** RECORDS SHOWN **
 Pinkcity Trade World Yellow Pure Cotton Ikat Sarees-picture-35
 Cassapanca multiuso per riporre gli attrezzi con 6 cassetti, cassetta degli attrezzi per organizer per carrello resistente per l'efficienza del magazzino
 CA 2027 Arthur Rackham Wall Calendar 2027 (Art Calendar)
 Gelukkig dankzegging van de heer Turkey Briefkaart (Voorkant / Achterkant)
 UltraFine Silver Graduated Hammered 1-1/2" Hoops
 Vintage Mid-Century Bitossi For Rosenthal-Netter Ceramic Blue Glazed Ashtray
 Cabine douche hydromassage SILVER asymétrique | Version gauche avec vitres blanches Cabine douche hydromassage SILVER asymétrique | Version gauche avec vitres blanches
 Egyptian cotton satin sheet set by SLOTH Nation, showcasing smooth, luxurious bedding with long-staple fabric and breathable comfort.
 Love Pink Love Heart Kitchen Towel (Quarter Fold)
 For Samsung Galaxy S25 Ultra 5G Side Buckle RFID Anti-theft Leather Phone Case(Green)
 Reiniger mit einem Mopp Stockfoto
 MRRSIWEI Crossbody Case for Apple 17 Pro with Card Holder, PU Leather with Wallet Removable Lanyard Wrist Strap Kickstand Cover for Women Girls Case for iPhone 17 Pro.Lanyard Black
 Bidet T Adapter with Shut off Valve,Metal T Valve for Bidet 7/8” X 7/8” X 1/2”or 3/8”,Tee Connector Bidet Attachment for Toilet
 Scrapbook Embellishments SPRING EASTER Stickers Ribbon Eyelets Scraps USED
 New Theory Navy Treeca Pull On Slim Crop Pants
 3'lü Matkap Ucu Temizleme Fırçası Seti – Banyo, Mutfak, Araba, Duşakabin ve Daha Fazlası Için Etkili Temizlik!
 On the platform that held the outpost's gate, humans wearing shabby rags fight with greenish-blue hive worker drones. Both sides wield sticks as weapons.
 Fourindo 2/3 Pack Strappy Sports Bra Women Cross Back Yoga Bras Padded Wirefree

** AIM OF THE TASK **
Examine the records and pull out every line where the string "Women" occurs.

** YOUR SOLUTION **
 MRRSIWEI Crossbody Case for Apple 17 Pro with Card Holder, PU Leather with Wallet Removable Lanyard Wrist Strap Kickstand Cover for Women Girls Case for iPhone 17 Pro.Lanyard Black
 Fourindo 2/3 Pack Strappy Sports Bra Women Cross Back Yoga Bras Padded Wirefree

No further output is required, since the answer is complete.